Re: Confirmation before automatic dumping

Posted: Sat Mar 01, 2025 12:26 pm
by muziqaz
Recovery only brings back basic driver functionality, it never loads back all the required modules for GPU to continue working as before the crash. This has been witnessed with games (they run like crap on recovered drivers), and FAH (it outright cannot fold on recovered drivers).
Driver recovery is there for you to save your work (not fah), and restart the PC gracefully.
Now why FAH cannot restart from the previous checkpoint and continue folding? It can't because driver is in recovery mode, which is not fully functional, thus stopping folding on such hardware/software combination.
Now, how about pausing if driver crash happens and let user reboot and resume the WU? Who is to say that driver crash did not introduce an error in scientific simulation? But can't fah check if previous bit of simulation is correct?
I think Joe would just quit as a dev if we expected FAHClient to hold hand for every possible user move.

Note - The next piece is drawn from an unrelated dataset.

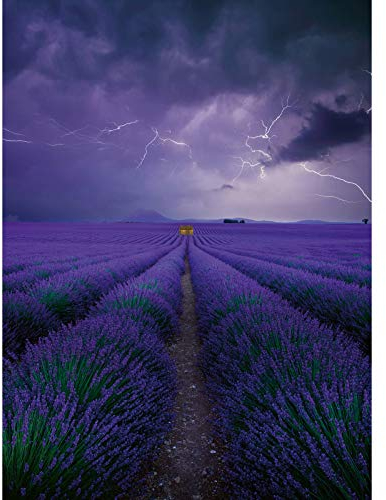 Vlies Fototapete Lavendelfeld | 3D Bildtapete mit Blumenwiese in Gewitter für Schlafzimmer und Esszimmer | Lila Fototapete mit Lavendel und Wolken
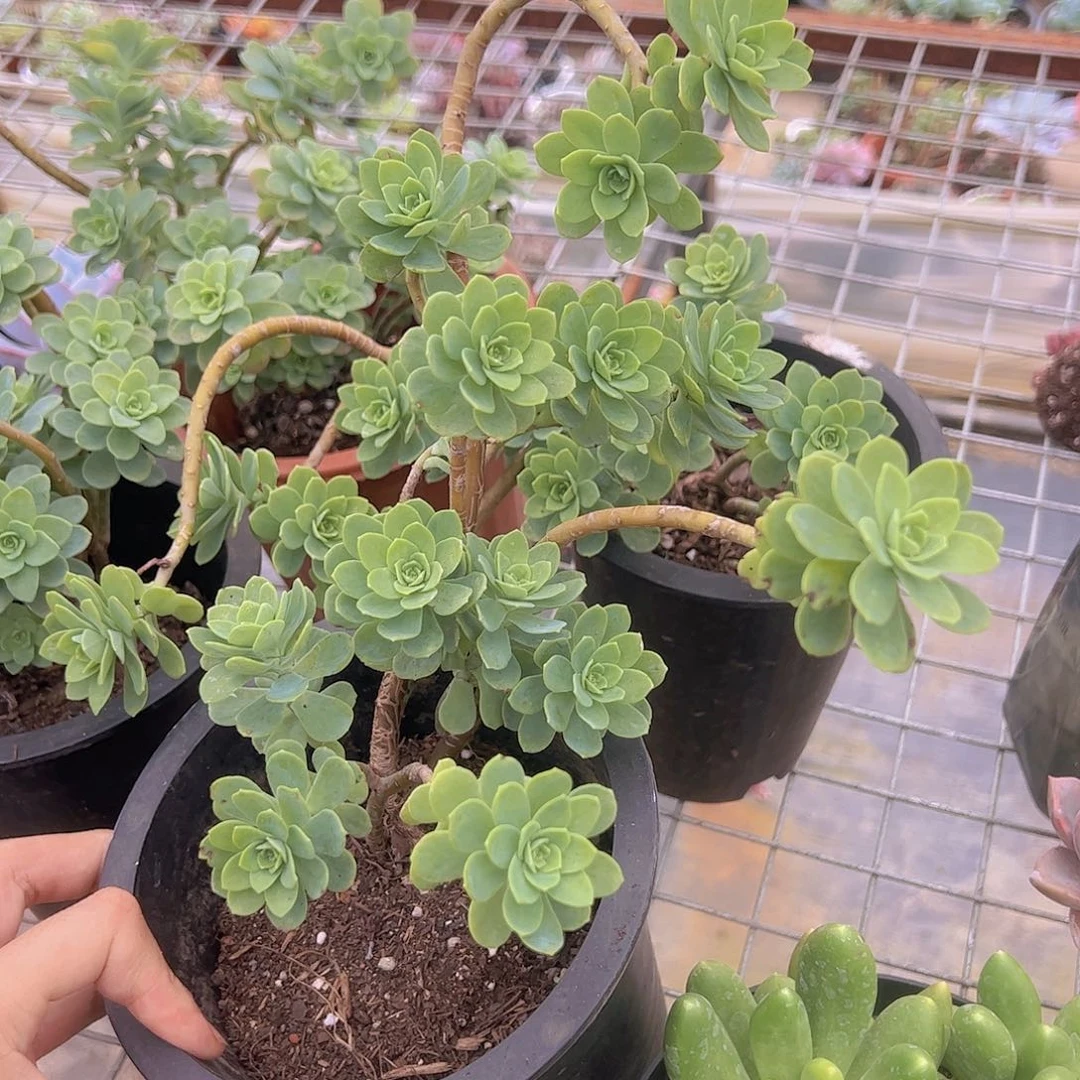 薄化妆多头精控高脚杯二盆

Running 2 compute tasks at the same time is BAD. Run one only
Running FAH on unstable hardware is bad. Please make sure your hardware is 101% stable before folding
Running FAH on unstable drivers is bad. Make sure to fix the drivers before folding.

I still urge the request made in github, but caution, some of us are still waiting for more severe issue fixes to the client to not dump work left and right :)